29 Apr 2009

Fatal flaws that wrecked Thailand’s promise

In 1995 The Economist projected that by 2020 Thailand would be the world’s eighth-largest economy. Its forecast, which now looks a tad, shall we say, optimistic, followed a 10-year run in which Thailand muscled out even China as the world’s fastest-growing economy, expanding at a blistering 8.4 per cent a year. Those were the days.

The decade after the Asian financial crisis, which began with the devaluation of the baht and ended with the 2006 coup that ousted Thaksin Shinawatra, the former prime minister, has not been so kind. Although the country bounced back from the 1997 devaluation, when it carelessly misplaced 15 per cent of gross domestic product in 18 months, the economy never recovered its former vigour. It has bumbled along at a respectable, but less than socially transformative, 4-5 per cent a year. This year its economy is likely to shrink by some 5 per cent. In that, admittedly, it is not alone.

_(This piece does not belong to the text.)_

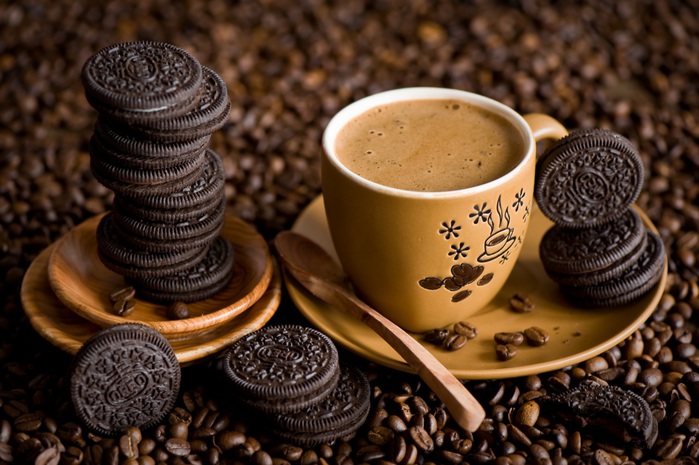 3779070_Drinks_Coffee_Cookies_437737 (700x465, 120Kb)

Yet it is fair to ask why Thailand has failed to fulfil its potential. Once mentioned, at least by the excitable, in the same breath as high-tech Taiwan, it is now more likely to be grouped with the high-maintenance Philippines. Far from closing in on the world’s eighth-biggest economy – a slot currently occupied by Spain, with an output nearly six times that of Thailand – it languishes in 33rd place. In per capita terms it plods in at an even more pedestrian 78th, with an income of $3,851, far below Taiwan’s $17,000 although above the likes of Indonesia at about $2,000.

Adding to its woes – or arguably helping to explain them – Thailand is stuck in a seemingly intractable political crisis. Long a country of coup and counter-coup, for years it nevertheless managed to maintain something approaching political stability. Now it is caught in a trap in which a previously disenfranchised rural poor wants a say in a political system still dominated by the Bangkok elite not yet prepared to allow the “barbarians” through the gate. The stand-off has undermined the already shaky confidence of foreign and domestic investors.

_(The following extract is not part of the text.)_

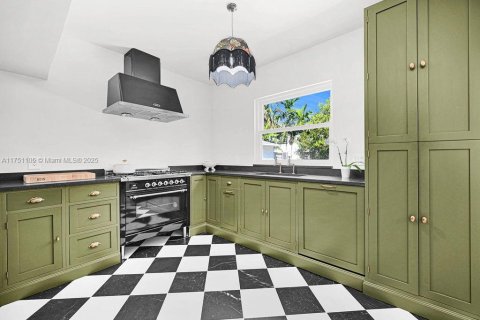 Casa en venta en Miami, Florida, 2 dormitorios, 101.17 m2 № 1860647 - foto 21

This month, Thailand showcased its political chaos for flummoxed regional leaders attending the Association of South-east Asian Nations summit. The gathering was cancelled and the likes of Wen Jiabao, China’s premier, had to be evacuated after the conference facilities were stormed by a brightly coloured mob of Mr Thaksin’s supporters. In subsequent clashes on the streets of Bangkok at least two people were killed. A car carrying Abhisit Vejjajiva, the third prime minister since democracy nominally returned in 2007, came under attack after he declared a state of emergency. There are, Mr Abhisit said with admirable understatement in a Financial Times interview last week, “some major challenges we have to face up to”.

One of the reasons Thailand has failed to flourish as once predicted is that its growth was built on weaker foundations than supposed. What was in the 1950s an economy based on US patronage, and exports of rice and tapioca, developed into one fuelled by Japanese capital looking for a home after the revaluation of the yen in the mid-1980s. Japanese companies poured in money, building an industrial base, especially in car manufacturing, that remains central to whatever economic success the country still enjoys.

In the 1980s and early 1990s, local entrepreneurs clambered aboard, funded by a powerful local banking system and oiled by age-old connections. The political situation was always chaotic; there have been 18 coup attempts since the end of absolute monarchy in 1932, 11 of them successful. But for much of the time, according to Supavud Saicheua, an economist at Phatra Securities, the country maintained an uneasy equilibrium between monarchy, military, aristocracy and bureaucracy.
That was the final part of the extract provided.